Le harcèlement, une forme
de violence contre la femme très répandue en Egypte
La commission des Nations-Unies sur le statut des femmes a terminé sa 57e session par l’adoption d’une déclaration intitulée « Cessez la violence contre les femmes ». Pays occidentaux et musulmans ont surmonté vendredi leurs profondes divergences pour s’accorder sur cette déclaration de l’Onu, qualifiée d’historique, qui dénonce les violences faites aux femmes et définit un code de conduite pour y mettre un terme.
Les Nations-Unies n’ont pas encore publié la liste intégrale des articles adoptés, ceux qui ont filtré concernent notamment la participation des femmes à la vie politique et à l’économie officielle, ainsi que l’abolition des normes discriminatoires entre les deux sexes.
Pour les pays conservateurs, dont l’Egypte, le message est clair. « La violence contre les femmes et les filles ne peut se justifier par aucune coutume, tradition ou considération religieuse », indique le texte.
Le 4 mars, les gouvernements et plus de 6 000 représentants de la société civile du monde entier s’étaient embarqués pour New York. Les discussions ont duré 12 jours sur les façons de mettre fin aux violences commises contre les femmes et les enfants. A l’issue des deux semaines de négociations entre les 193 Etats membres de l’Onu, un accord a finalement été trouvé.
Cependant, de nombreux désaccords ont rendu les débats houleux. Les pays conservateurs s’opposaient notamment à ce que des relations sexuelles imposées à une femme par son mari ou son compagnon soient considérées comme un viol et contestaient certaines références dans le texte au droit à l’avortement. De leur côté, les pays occidentaux, notamment scandinaves, qui incitaient à l’adoption d’un texte plus poussé, ont fait des concessions sur le chapitre des droits des homosexuelles et des droits sexuels.
« Moyens destructifs »
En Egypte, les Frères musulmans ont estimé vendredi que ce texte conduirait à la « déchéance totale de la société » dans la mesure où des articles ont été inclus « qui contredisent les principes établis de l’islam et sapent la moralité islamique ». Selon eux, le document donne à la société des « moyens destructifs pour porter atteinte à la famille », notamment en accordant aux filles une « totale liberté sexuelle » et en leur donnant accès à des moyens contraceptifs. La confrérie s’élève par ailleurs contre l’idée d’imposer des standards universels pour lutter contre la violence faite aux femmes et aux enfants. Elle se dit opposée à dix points du texte, notamment « l’égalité totale dans la législation du mariage » et « l’annulation de la nécessité de demander l’accord du mari pour voyager, travailler ou utiliser des moyens contraceptifs ». Elle dénonce encore le fait d’« accorder à l’épouse le droit de poursuivre en justice son mari pour viol ou harcèlement sexuel ».

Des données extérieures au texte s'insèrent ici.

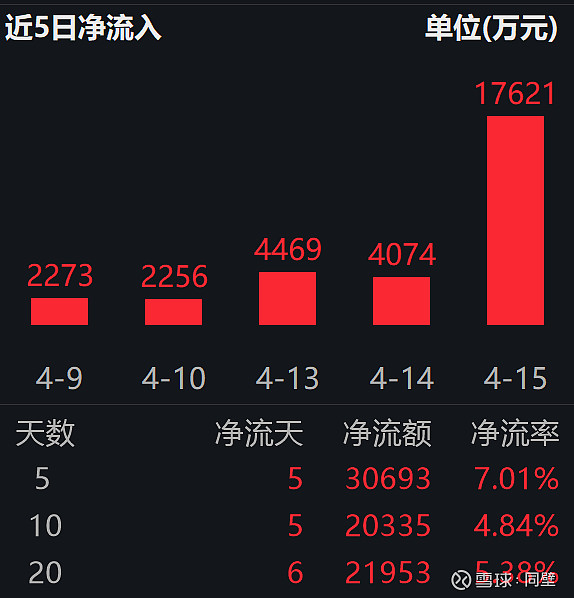 港股通汽车ETF易方达（159121）标的指数走强，3月新能源汽车出口同比增长1.3倍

Les débats sur les droits des femmes ont révélé au grand jour le fossé qui sépare les islamistes et les libéraux en Egypte.
« Cette déclaration est un cadeau pour les 40 millions de femmes égyptiennes », s’est réjouie samedi la présidente du Conseil national des femmes, Mervat Al-Tallawy, qui présidait la délégation officielle de l’Egypte. « Les femmes sont les esclaves de notre ère (…), malgré cette déclaration née au forceps, beaucoup reste à faire pour les femmes du Moyen-Orient. La solidarité internationale est nécessaire pour l’émancipation des femmes et leur protection contre la vague réactionnaire qui gagne les pays en développement, particulièrement le Moyen-Orient », a encore ajouté Al-Tallawy, connue pour son hostilité aux islamistes. « L’application de cette déclaration se fera dans le cadre des législations et des lois égyptiennes et prendra en compte les traditions de notre société », a-t-elle toutefois assuré.
La déclaration de 17 pages devra encore être ratifiée par l’Assemblée générale de l’Onu. Bien qu’elle n’ait pas force de loi, elle représente une obligation morale pour les pays qui l’ont signée.
De son côté, le président Mohamad Morsi s’est abstenu de commenter les déclarations de la confrérie. Il a préféré affirmer via un communiqué « l’engagement de l’Egypte à l’émancipation des femmes et à l’arrêt de toutes formes de violence dirigées contre elles ». Toujours selon ce communiqué, dans le cadre de cette stratégie, une nouvelle loi contre le harcèlement sexuel est actuellement à l’étude au Conseil consultatif.
La secrétaire générale du Conseil, Soheir Lotfy, a révélé, de son côté, que le Conseil a terminé de rédiger le projet d’une autre loi sur la lutte contre la violence faite aux femmes, demandé par le premier ministre Hicham Qandil. Reste à savoir si ces textes de loi seront réellement appliqués, dans une société tiraillée entre deux voies à suivre.